Exercise objective >>
Return each line below exactly as it reads, and omit any image in it.

Supplied material >>
"""

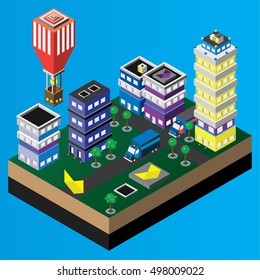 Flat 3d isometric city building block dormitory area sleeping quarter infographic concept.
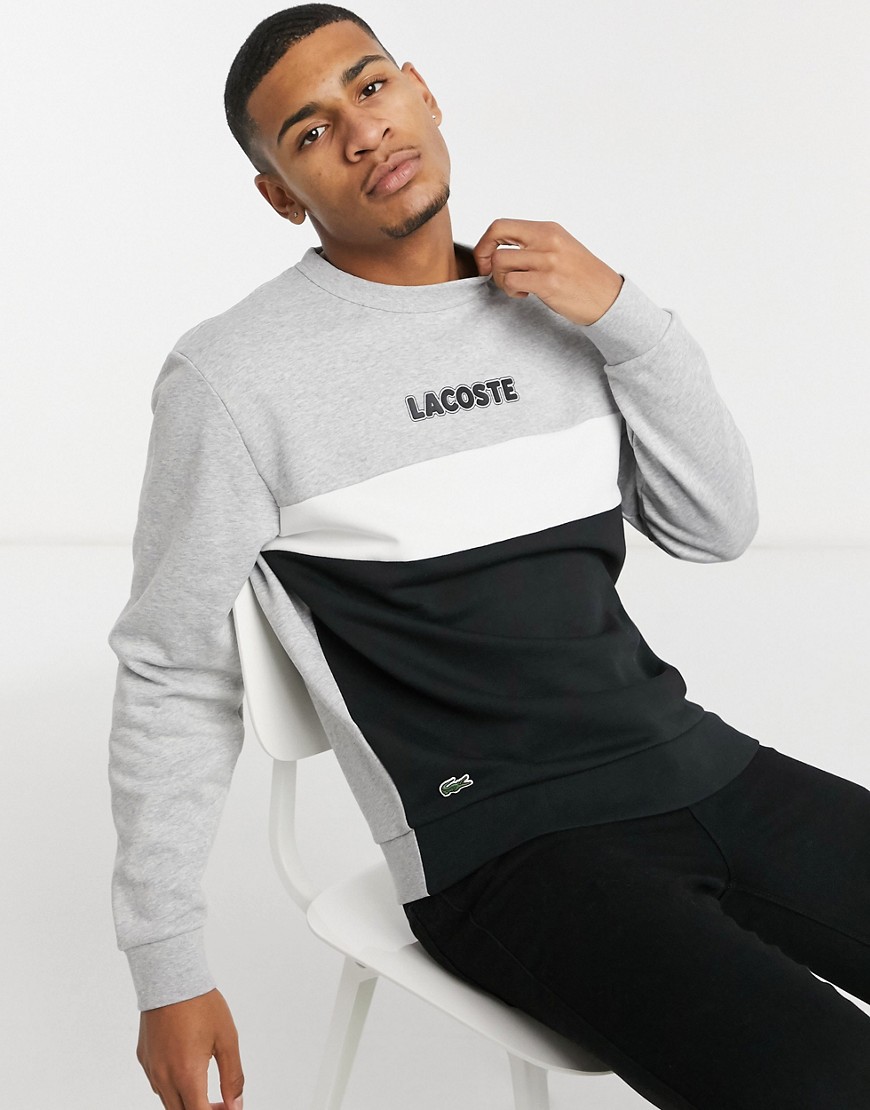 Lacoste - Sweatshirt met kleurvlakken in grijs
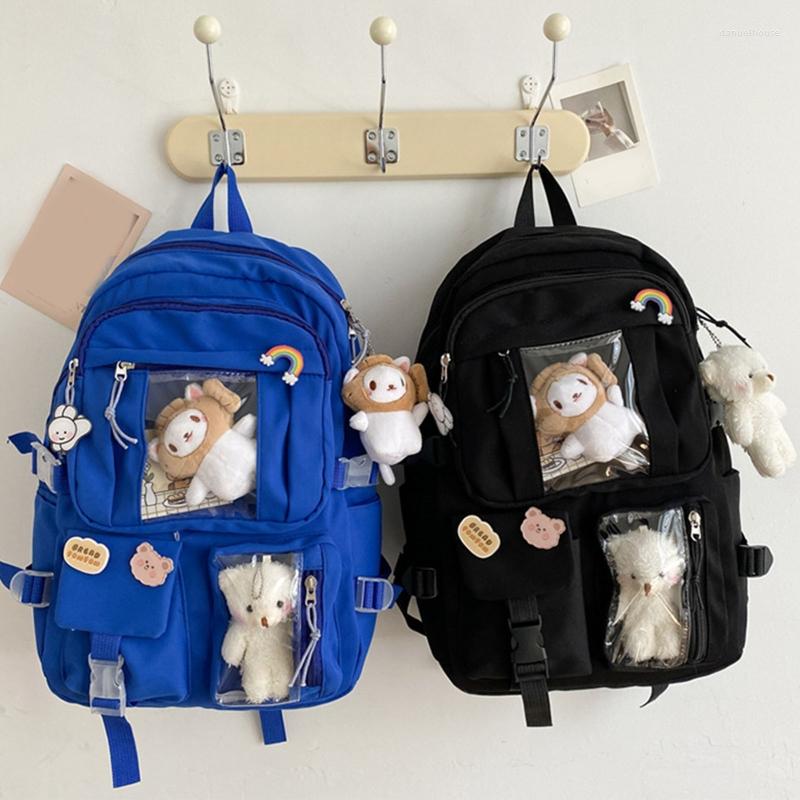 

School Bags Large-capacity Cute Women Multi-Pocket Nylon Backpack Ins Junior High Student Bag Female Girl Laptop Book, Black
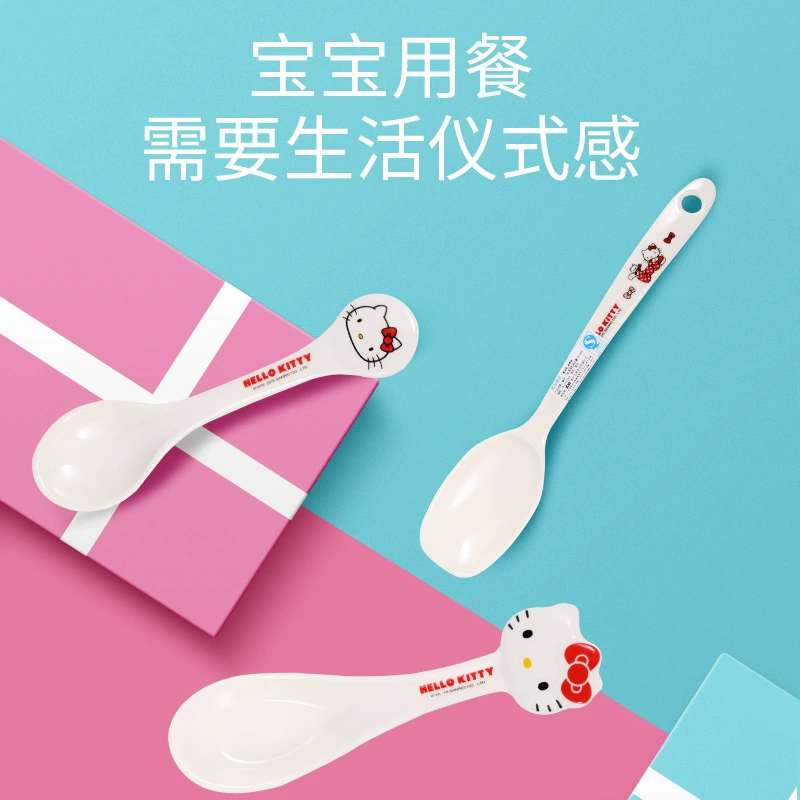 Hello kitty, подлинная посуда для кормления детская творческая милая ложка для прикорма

"""

Finished exercise >>
 Flat 3d isometric city building block dormitory area sleeping quarter infographic concept.
 Lacoste - Sweatshirt met kleurvlakken in grijs

School Bags Large-capacity Cute Women Multi-Pocket Nylon Backpack Ins Junior High Student Bag Female Girl Laptop Book, Black
 Hello kitty, подлинная посуда для кормления детская творческая милая ложка для прикорма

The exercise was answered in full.